There she don a flak jacket and helmet and hitched a ride with reporters to the front line to talk to fighters taking cover from artillery fire under a flyover.

Simone Aaberg Kaern was in Sirte – besieged for weeks by National Transitional Council (NTC) fighters trying to oust Qaddafi diehards –to conduct field research for her new job as Denmark’s official war artist.

Denmark abandoned its tradition of artistically recording its conflicts in the 19th century after yet another humiliating defeat – this time at the hands of Germany.

But it is now reviving it to depict the battles its soldiers and warplanes are or were involved in Iraq, Afghanistan and now Libya, where Danish aircraft are playing a prominent role in the NATO air strikes targeting Qaddafi’ s rapidly deteriorating military machine.

Kaern, a self-confessed former punk and squatter in Copenhagen’s Christiania hippy commune, is an unusual choice for such an official role. But she is used to controversy.

When she was picked to paint the official portrait of Denmark’s former Prime Minister Anders Fogh Rasmussen – now NATO secretary general – there was a media storm.

It passed and the painting now hangs in the national parliament.

The Danish military appears to have taken a shine to Kaern. When Denmark’s air force was scrambled to join the NATO Libya campaign this spring, its pilots had no mission combat patch to wear on their uniform sleeves.
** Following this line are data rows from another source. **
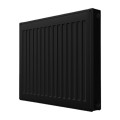 Радиатор панельный Royal Thermo COMPACT C11-600-800 Noir Sable 1.109 кВт настенный, присоединение резьбовое - 1/2″, подключение - боковое, универсальное, стальной, цвет - черный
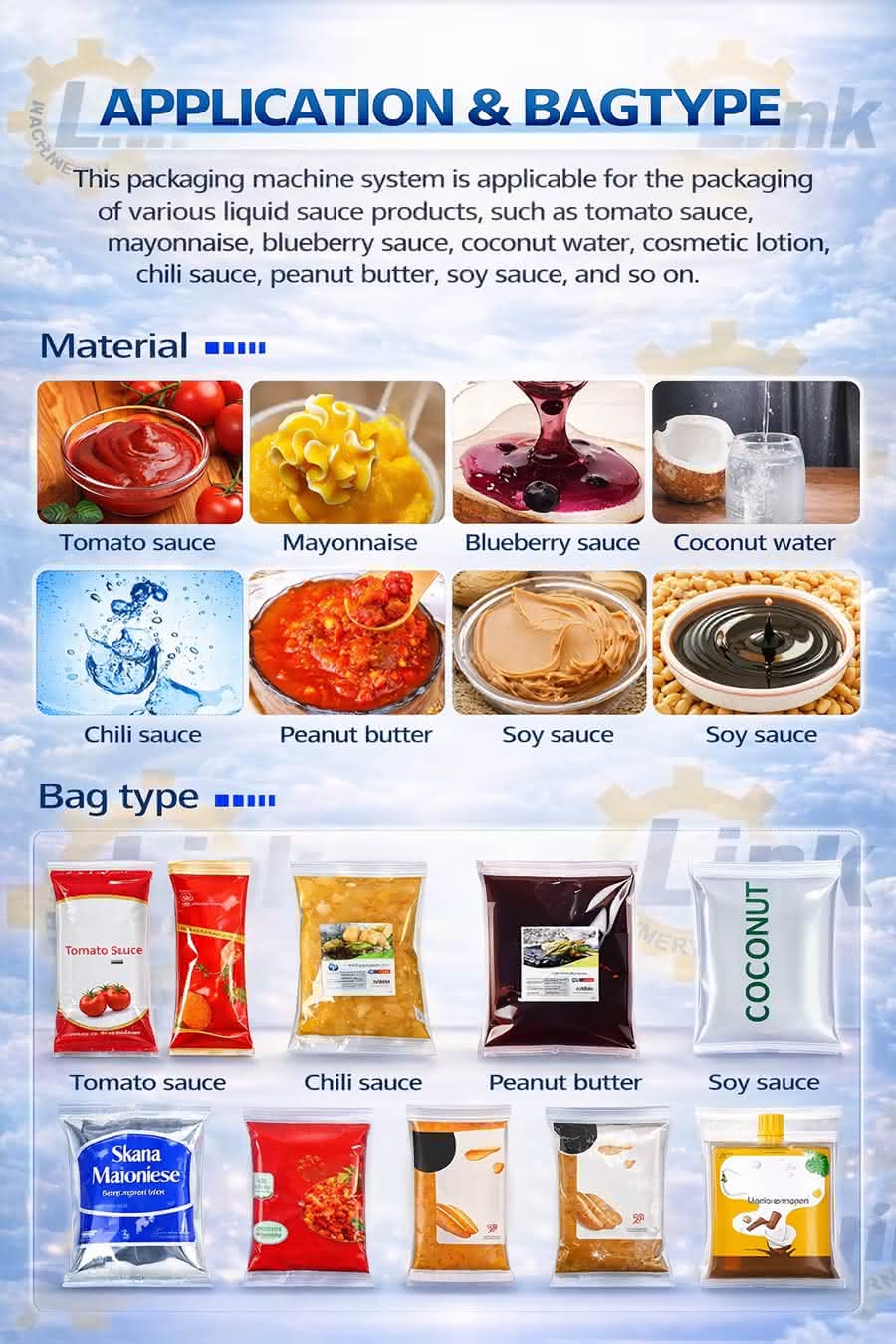 small sauce packaging machine
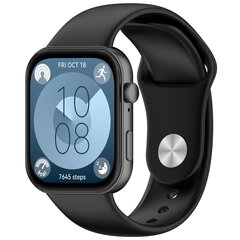 Silikon-Sportband - Schwarz - Huawei Watch Fit 3 / Fit 4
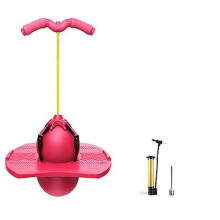 (pink) Kids Safe Bounce Pogo Stick Safe Fun Play Children's Pogo Stick Jumper Toy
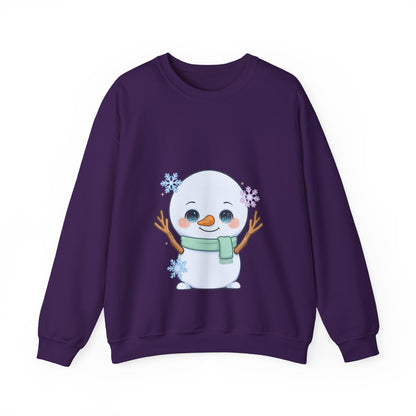 Kawaii Snowman Sweatshirt – Cute Winter Crewneck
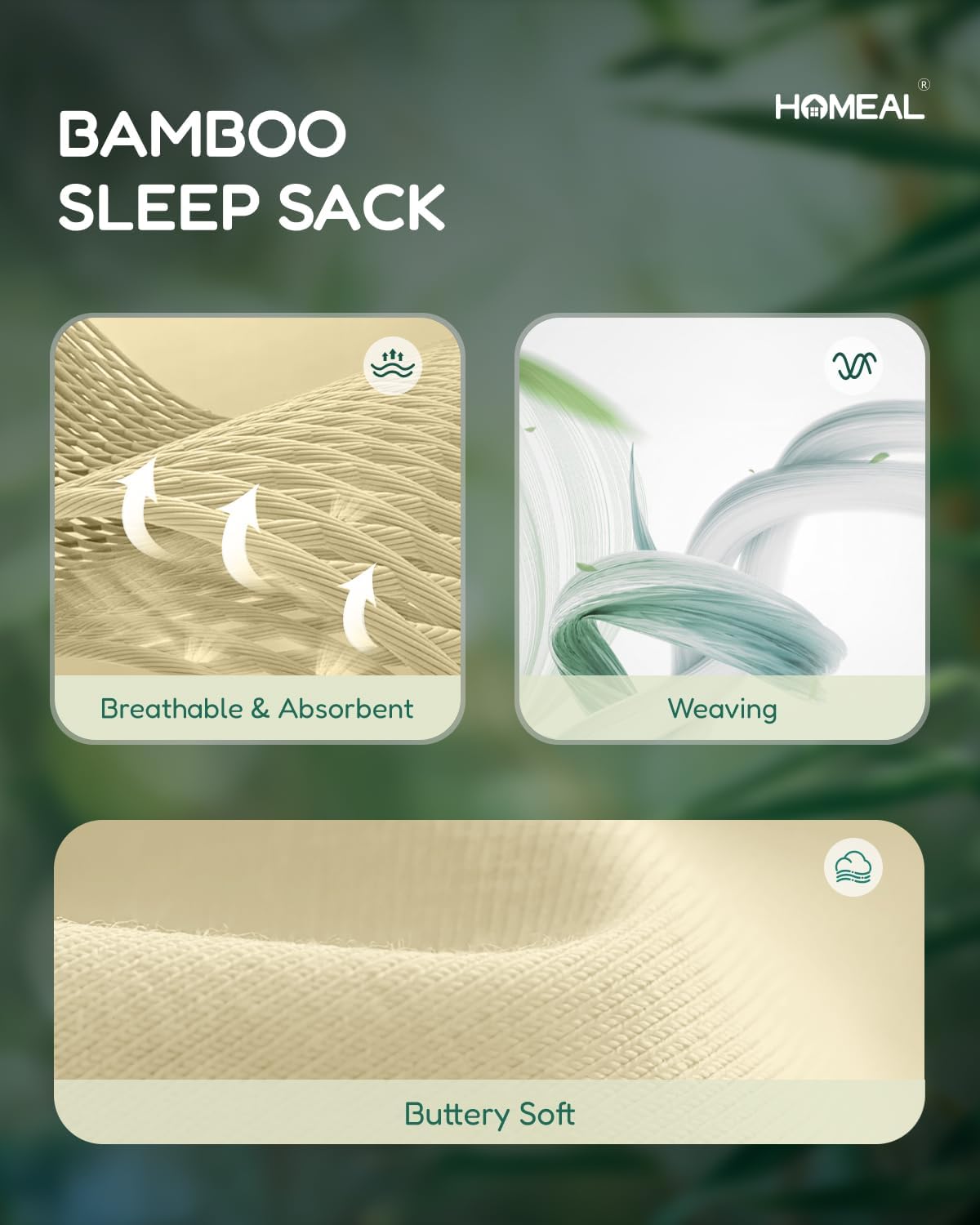 HOMEAL Toddler Sleep Sack with Feet 12M-7T 1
Kaern, 42, was commissioned to design one, and quickly produced a slightly subversive design that shows a falcon gripping the olive leaves of the United Nations logo in its beak.

She aimed to highlight the irony of “bombing for peace,” she told AFP as she waited in a mosque compound for an NTC fighter unit to take her to a forward position on the outskirts of Sirte.

Kaern has long had a fascination for flying. She wanted to do work on surviving Soviet women pilots in World War II but was spurned because she did not know how to fly a plane.

So she dropped out of Goldsmiths College in London, where she was studying, and trained for her pilot’s license.

That led to numerous aeronautical and artistic adventures, the highlight of which was a three-month, 33-stop trip to Kabul in 2002 in an ancient two-seater plane to find an Afghan girl and teach her how to fly after reading about her dream to become a fighter pilot.

That expedition was recorded in the Emmy-nominated film “Smiling in a War Zone.”

When she heard that the Danish military was looking for four war artists – to cover Iraq, from where Danish troops have now withdrawn, Afghanistan, Libya and the fight against piracy off Somalia – she immediately threw her hat in the ring.

“In mid-September they told me it was me,” she said, but they did not want her to come straight away to the North African desert country.

“But I had to come here while the fight was still on,” she said, adding that she left before even negotiating her fee from Denmark’s national history museum, which is overseeing the project and where Kaern’s work will eventually hang.

She flew to Tunisia, went overland to Tripoli and has since toured the last two major battle scenes in Sirte and Bani Walid, taking photos, doing sketches and absorbing the atmosphere.

She said the 20th century British war artist Paul Nash and the Spanish artist Goya – who she believes brilliantly captures the “gruesomeness” of conflict – are two figures whose war art has impressed her.

Kaern has one to two years to produce just one painting of the Libyan revolution, which erupted in February and saw rebel fighters slowly take city after city before finally capturing the capital last month.

“It’s going to be quite naturalistic in the sense that you can recognize figures. It will be a picture with a lot of detail. That’s why it has to be really big,” she said.

“Really big” means an oil on canvas work of 4.5 by 3.5 meters (14.8 by 11.5 feet), she said.

“Making a painting like that is like making a film. But you have to get the whole bloody film into one frame.”

Libya is likely to be Kaern’s last war.

“With six kids it might be a bit tricky doing another one,” she said.